1. The Bobo Ashanti – This group is the most traditional or orthodox of the three branches, emphasizing a lifestyle based on traditional African values and practices. This group adheres to strict rules regarding behaviour, diet, and attire.

Followers of the Bobo Ashanti philosophy wear their hair in dreadlocks, dress in brightly colored clothing, and adhere to a vegetarian diet.

2. The Twelve Tribes of Israel – This group is known for its emphasis on social activism and as such is active in promoting and tackling social injustice. The movement was started in the early 1970’s and takes some of its religious and philosophical concepts from Judaism.

3. The Nyahbinghi Order – This order is more of a spiritual order and is averse to any kind of organised religion because of its dislike of strict rules, regulations and doctrines. This order is primarily focused on the promotion of practices such as meditation, communal living, and the promotion of peace and love.

The Nyahbinghi Order is also known to promote vegetarianism and avoid the use of any kind of mind-altering drugs or substances.

What is the difference between Bobo Shanti and Nyabinghi?

Bobo Shanti and Nyabinghi are both branches of Rastafarianism, an Afro-Caribbean religious and cultural movement which originated in Jamaica in the 1930s. Despite their shared origins, there are some important differences between Bobo Shanti and Nyabinghi.

Bobo Shanti practice a monastic lifestyle which is based on strict dietary codes, prayer, chanting, and meditation. Their dress is characterized by the wearing of long dreadlocks and a cloistered lifestyle that is kept away from the distractions of the outside world.

They adhere to a very literal interpretation of the Bible and reject the use of material possessions, such as cars and modern technology. The main focus of Bobo Shanti is on their personal journey towards spiritual perfection.

On the other hand, Nyabinghi followers tend to live more in accordance with the outside world, and do not practice the same level of monasticism that Bobo Shanti followers do. They emphasize social justice, peace, and upliftment of the downtrodden.

At the same time, they believe that the destiny of the black man and woman lies in the return to their African homeland. Nyabinghi also practice chanting and drumming ceremonies as a means of communication with their customs and traditions.

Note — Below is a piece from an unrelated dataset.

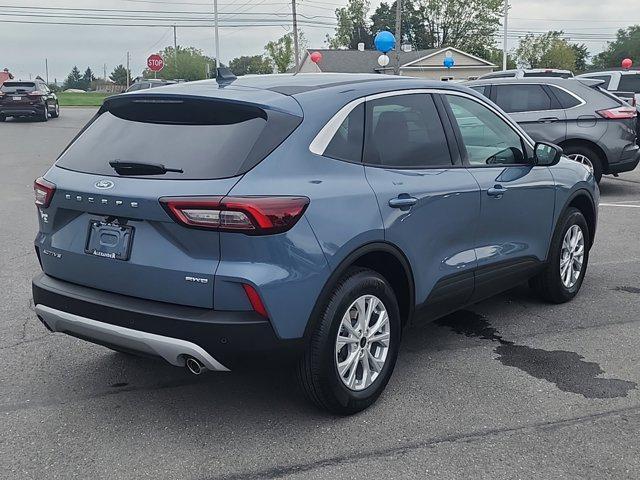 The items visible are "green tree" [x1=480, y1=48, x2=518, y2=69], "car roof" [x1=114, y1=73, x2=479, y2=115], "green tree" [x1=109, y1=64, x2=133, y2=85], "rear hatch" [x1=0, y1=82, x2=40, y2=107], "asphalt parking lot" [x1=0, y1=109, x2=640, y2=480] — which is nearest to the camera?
"asphalt parking lot" [x1=0, y1=109, x2=640, y2=480]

In summary, Bobo Shanti and Nyabinghi have different practices and beliefs despite being branches of Rastafarianism. Bobo Shantis follow a stricter monastic lifestyle and focus on spirituality and purification, while Nyabinghis are more in tune with the outside world and focus on social justice and the return to the African homeland.

What are female Rastas called?

Female followers of the Rastafarian movement are known as Rastafari Sisters or Rasta Sistas. They are an integral part of the movement, which quickly realized its need for female participation shortly after its founding.

Rastafari Sisters adhere to the spiritual, political and social ideals of the Rasta movement, believing that the ancient Ethiopian monarchy was a sign of divine rule. They believe that the exaltation of Emperor Haile Selassie as the divine King of Ethiopia is directly linked to the return of the Twelve Tribes of Israel to their homeland.

The Rastafari Sisters are dedicated to living their lives in a way that honors their culture and beliefs. Specifically, they choose to refrain from the use of drugs and alcohol, embrace purity and modesty, maintain a strong sense of unity with their community, and embrace natural treatments and healing.

Rastafari Sistas often dress modestly, forgoing makeup, jewelry, and immodest clothing. They also often wear their natural hair in dreadlocks, an iconic symbol of the movement.

Rastafari Sisters also have an important role in providing education and support within the movement. They can serve as counselors and mentors, helping their fellow Rasta Sisters with support and advice.

They can also provide training and workshops to help their Sisters with different aspects of life, such as healthy eating, financial literacy, mental health and spiritual guidance.

Rastafari Sisters are the cornerstone of this movement, playing a vital role in both its spiritual and creative aspects. They are active in providing education and support in the community, while preserving the culture and identity of the Rasta people.